Task objective | Begin at the line below that has "Hello and welcome to". Stop after the line that has "The patient did", repeating each line exactly and leaving out the pictures.

Input for this task |
********
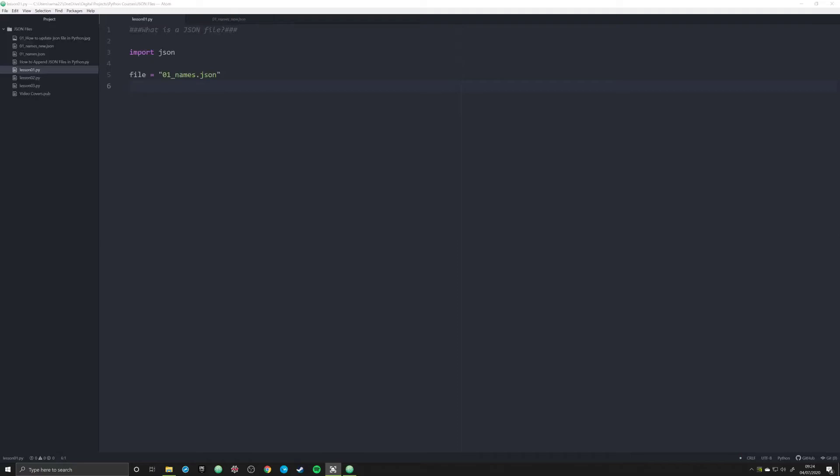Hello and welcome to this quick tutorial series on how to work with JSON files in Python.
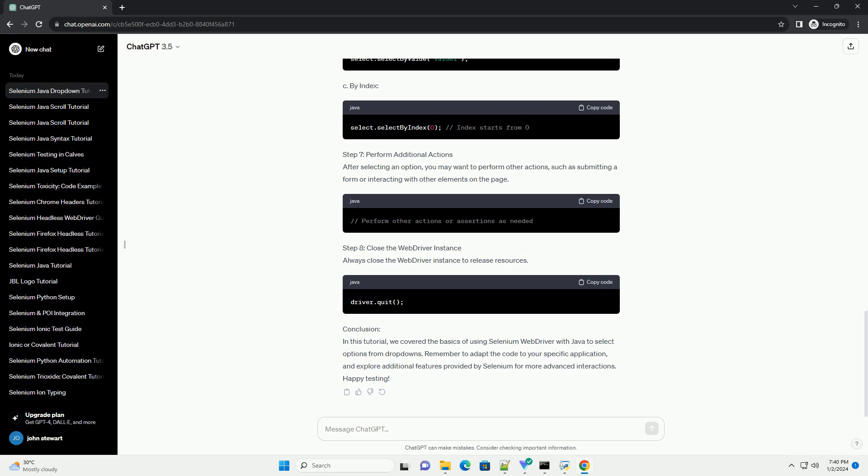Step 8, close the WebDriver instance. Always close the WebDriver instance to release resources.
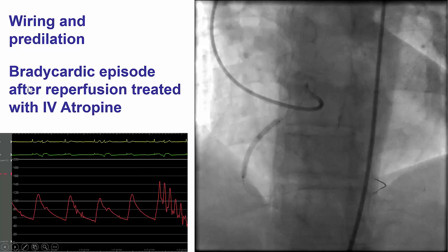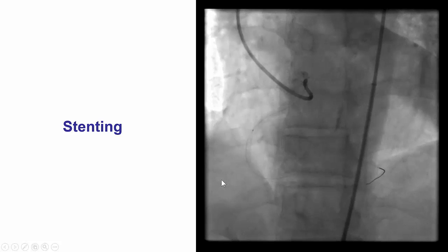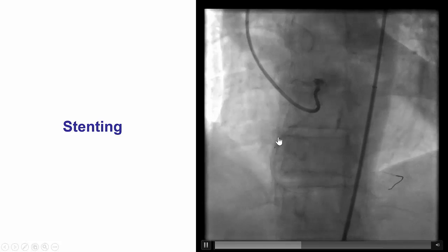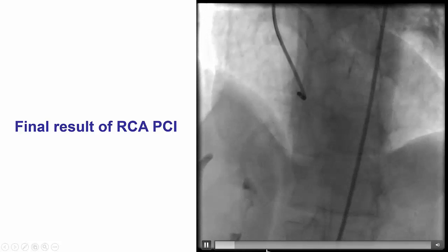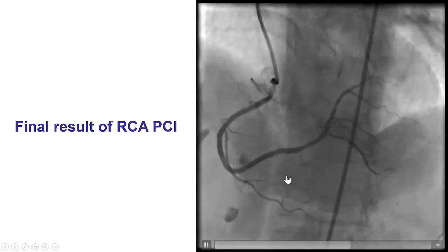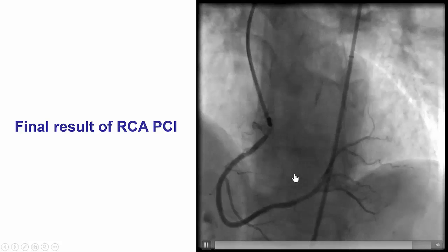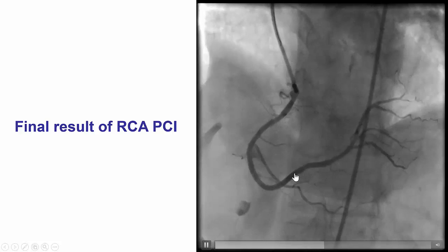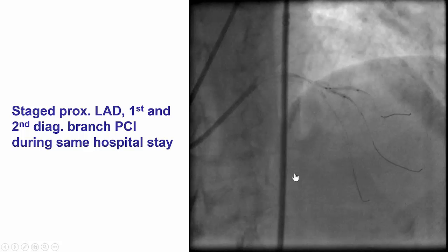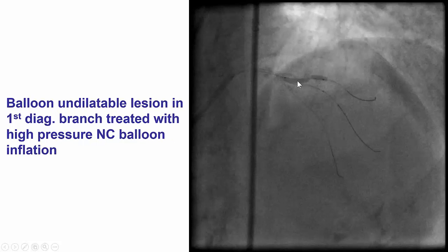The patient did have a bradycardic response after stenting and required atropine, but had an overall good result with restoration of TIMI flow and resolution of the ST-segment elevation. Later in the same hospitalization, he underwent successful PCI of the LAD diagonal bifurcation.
********
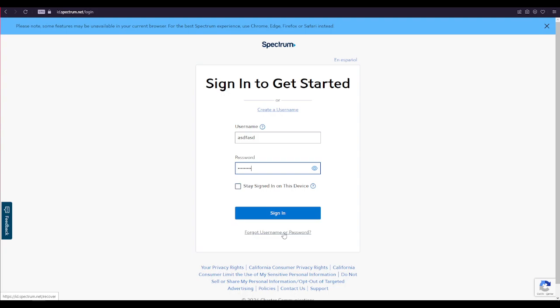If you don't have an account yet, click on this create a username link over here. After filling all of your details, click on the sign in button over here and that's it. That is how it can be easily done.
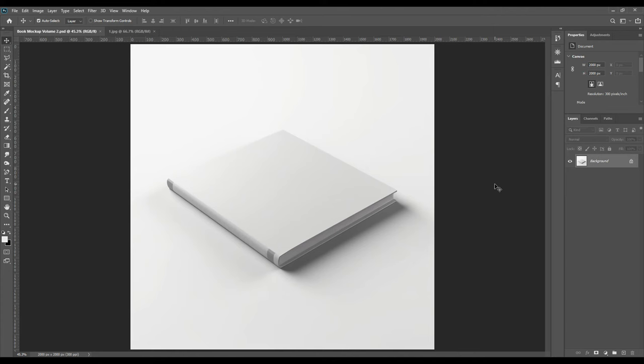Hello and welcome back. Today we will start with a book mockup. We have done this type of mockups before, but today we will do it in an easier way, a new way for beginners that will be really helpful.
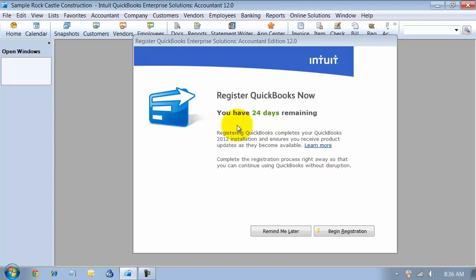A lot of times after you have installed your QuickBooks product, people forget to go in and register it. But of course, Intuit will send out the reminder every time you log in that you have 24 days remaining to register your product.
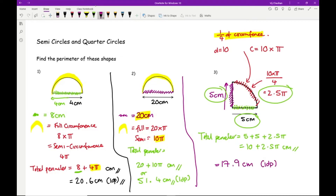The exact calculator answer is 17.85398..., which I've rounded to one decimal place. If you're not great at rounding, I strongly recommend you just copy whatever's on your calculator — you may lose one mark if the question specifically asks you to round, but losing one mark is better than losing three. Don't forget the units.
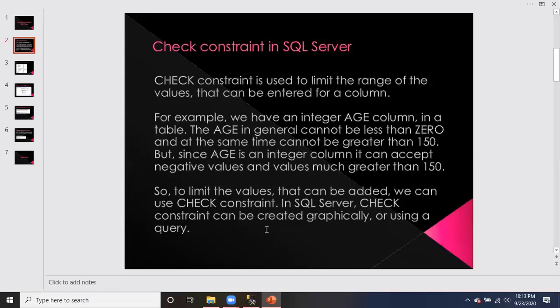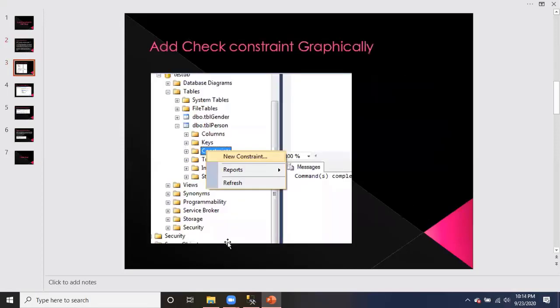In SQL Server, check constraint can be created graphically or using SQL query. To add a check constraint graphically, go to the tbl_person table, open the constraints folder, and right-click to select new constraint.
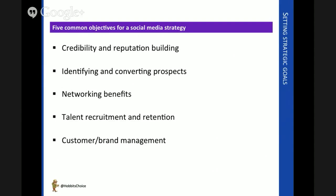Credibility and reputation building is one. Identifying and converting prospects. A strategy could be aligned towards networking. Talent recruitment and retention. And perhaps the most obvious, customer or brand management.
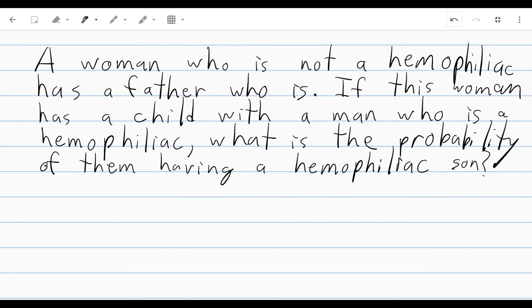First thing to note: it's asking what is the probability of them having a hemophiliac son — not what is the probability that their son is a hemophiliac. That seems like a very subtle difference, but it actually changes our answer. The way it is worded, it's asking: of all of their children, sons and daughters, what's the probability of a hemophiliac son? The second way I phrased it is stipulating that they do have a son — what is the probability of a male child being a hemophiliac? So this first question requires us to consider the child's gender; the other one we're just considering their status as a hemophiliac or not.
********
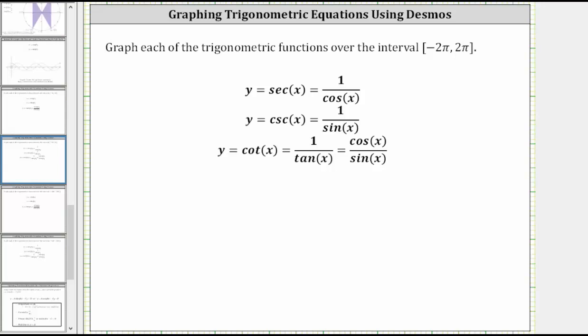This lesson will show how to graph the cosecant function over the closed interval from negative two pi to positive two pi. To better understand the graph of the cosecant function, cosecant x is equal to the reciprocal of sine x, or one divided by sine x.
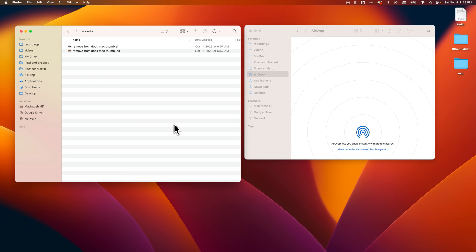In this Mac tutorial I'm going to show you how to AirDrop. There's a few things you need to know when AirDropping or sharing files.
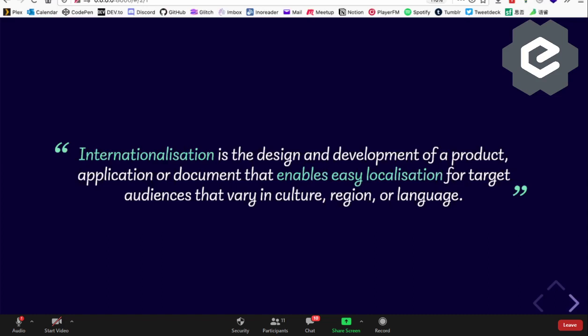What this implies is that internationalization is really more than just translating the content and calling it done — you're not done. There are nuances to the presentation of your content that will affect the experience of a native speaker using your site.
********
Answer box |
Hello and welcome to this quick tutorial series on how to work with JSON files in Python.
Step 8, close the WebDriver instance. Always close the WebDriver instance to release resources.
The patient did have a bradycardic response after stenting and required atropine, but had an overall good result with restoration of TIMI flow and resolution of the ST-segment elevation. Later in the same hospitalization, he underwent successful PCI of the LAD diagonal bifurcation.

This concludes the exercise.